Class ArabicAnalyzer
Analyzer for Arabic.
This analyzer implements light-stemming as specified by:
Light Stemming for Arabic Information Retrieval
http://www.mtholyoke.edu/~lballest/Pubs/arab_stem05.pdf
The analysis package contains three primary components:
- ArabicNormalizationFilter: Arabic orthographic normalization.
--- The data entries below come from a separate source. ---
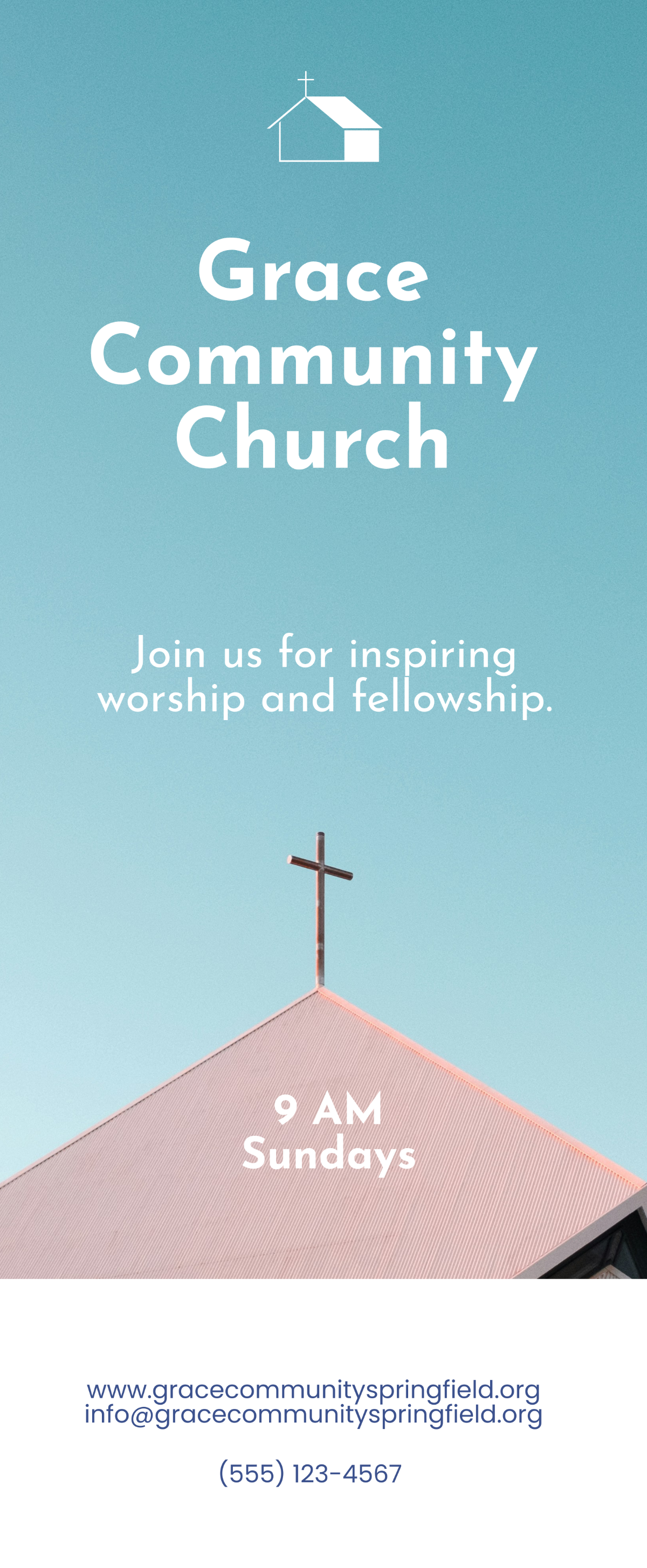 Church Retractable Banner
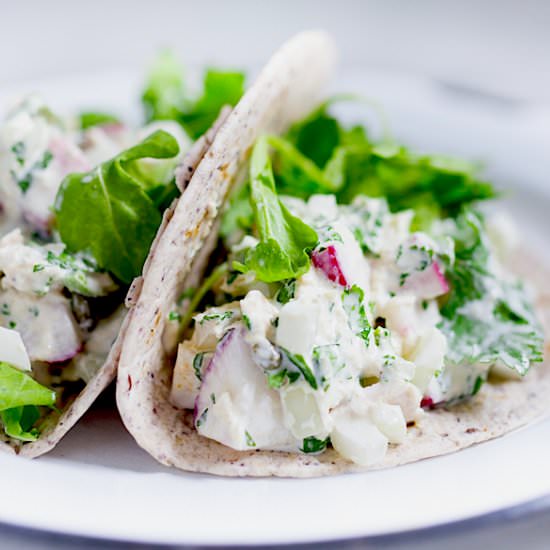 Kicked-up Tuna Salad - Recipe photo by Feasting at Home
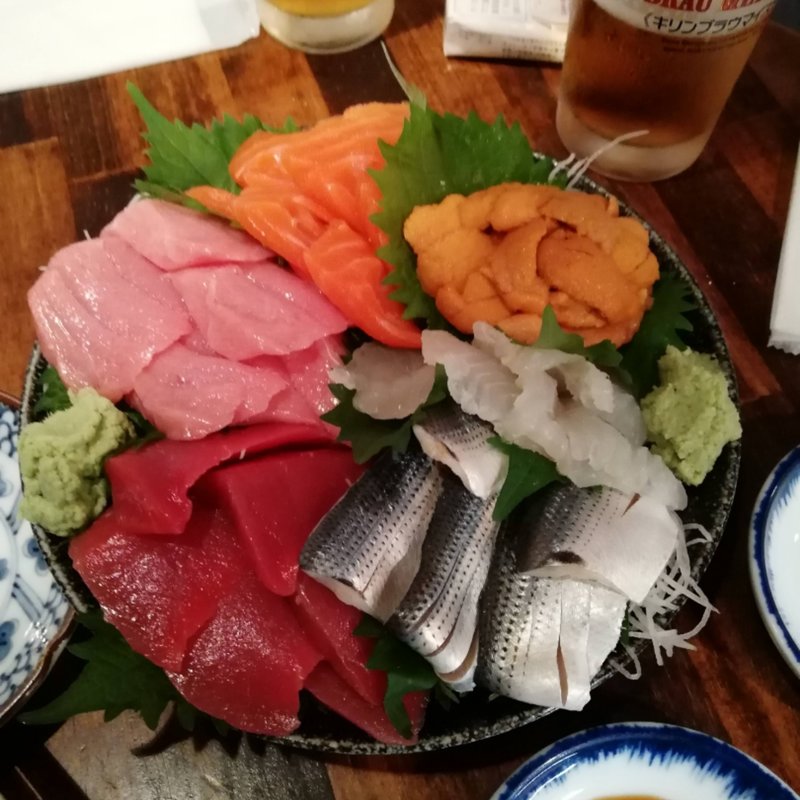 刺身盛り(はじめ鮮魚店 )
- ArabicStemFilter: Arabic light stemming
- Arabic stop words file: a set of default Arabic stop words.
Inherited Members
Assembly: Lucene.Net.Analysis.Common.dll
Syntax
[Serializable]
public sealed class ArabicAnalyzer : StopwordAnalyzerBase, IDisposable
Constructors
Name | Description |
---|---|
ArabicAnalyzer(LuceneVersion) | Builds an analyzer with the default stop words: DEFAULT_STOPWORD_FILE. |
ArabicAnalyzer(LuceneVersion, CharArraySet) | Builds an analyzer with the given stop words |
ArabicAnalyzer(LuceneVersion, CharArraySet, CharArraySet) | Builds an analyzer with the given stop word. If a none-empty stem exclusion set is provided this analyzer will add a SetKeywordMarkerFilter before ArabicStemFilter. |
Fields
Name | Description |
---|---|
DEFAULT_STOPWORD_FILE | File containing default Arabic stopwords. Default stopword list is from http://members.unine.ch/jacques.savoy/clef/index.html The stopword list is BSD-Licensed. |
Properties
Name | Description |
---|---|
DefaultStopSet | Returns an unmodifiable instance of the default stop-words set. |
Methods
Name | Description |
---|---|
CreateComponents(String, TextReader) | Creates TokenStreamComponents used to tokenize all the text in the provided System.IO.TextReader. |